How do you fine-tune a model for it to work with the tts / synthesize.py command?

Quite some things happened.
I updated my server to an 8 core cpu and 16 GB of RAM.
Finally I could use coqui-ai / TTS inference on my server and it was quite fast.
Now my goal is to train my own voices.
I had good experiences fine-tuning already good models.
So I downloaded a model that coqui-ai / TTS uses and tried to train it using a modified version of config.json with my dataset and with coqui-ai / TTS and tts_models/en/ljspeech/glow-tts.

Alas it complained about separate_stopnet, stopnet and other parameters to be missing.

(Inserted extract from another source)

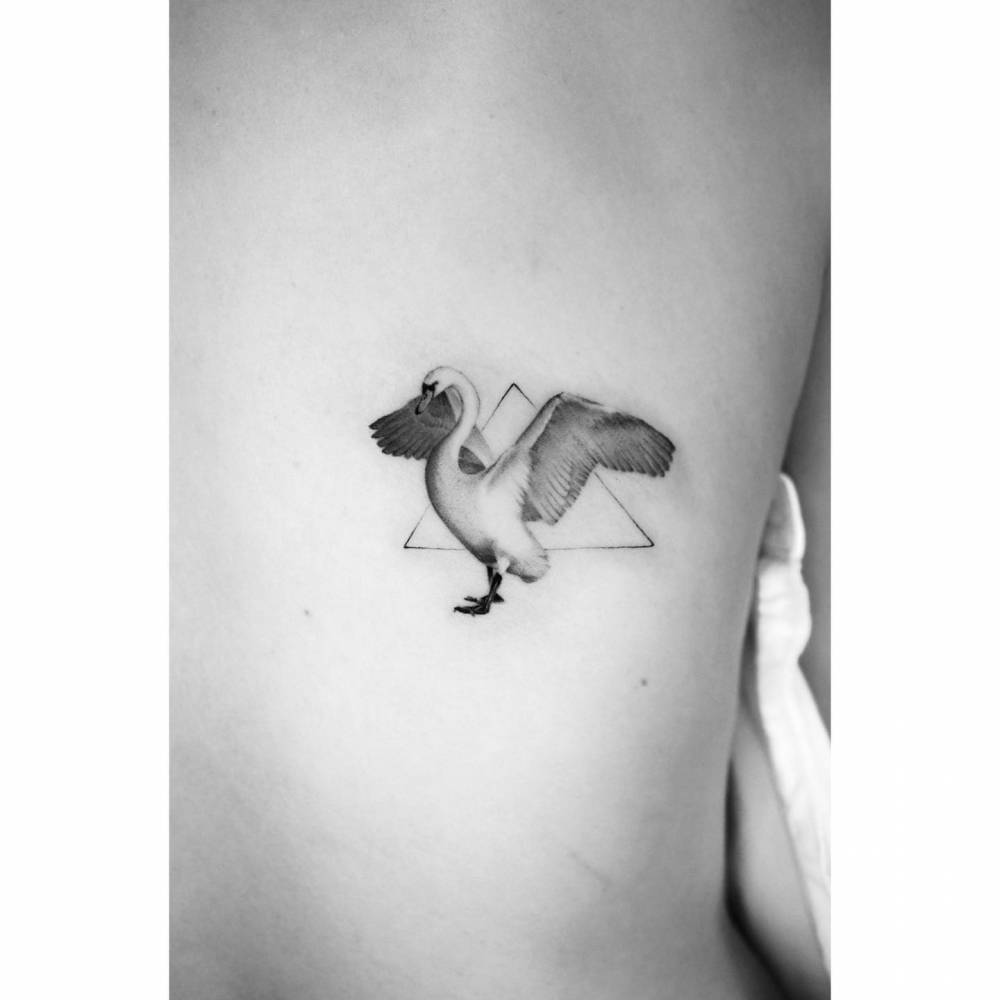Micro-realistic style swan tattoo located on the back.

I copied them from another config.json I got the traceback

Traceback (most recent call last):
  File "/content/TTS/TTS/bin/train_tacotron.py", line 664, in <module>
    main(args)
  File "/content/TTS/TTS/bin/train_tacotron.py", line 548, in main
    optimizer.load_state_dict(checkpoint['optimizer'])
  File "/usr/local/lib/python3.7/dist-packages/torch/optim/optimizer.py", line 141, in load_state_dict
    raise ValueError("loaded state dict has a different number of "
ValueError: loaded state dict has a different number of parameter groups

which means that the models are incompatible.

How do you fine-tune a model for it to work with the tts / synthesize.py command?
Are there models that just work for fine-tuning and reusing with the current version?

I also did it the other way round, used a model from the github page and it wasn’t accepted by the tts on my server.

1 Like

You should encode the necessary commit for a model into the model.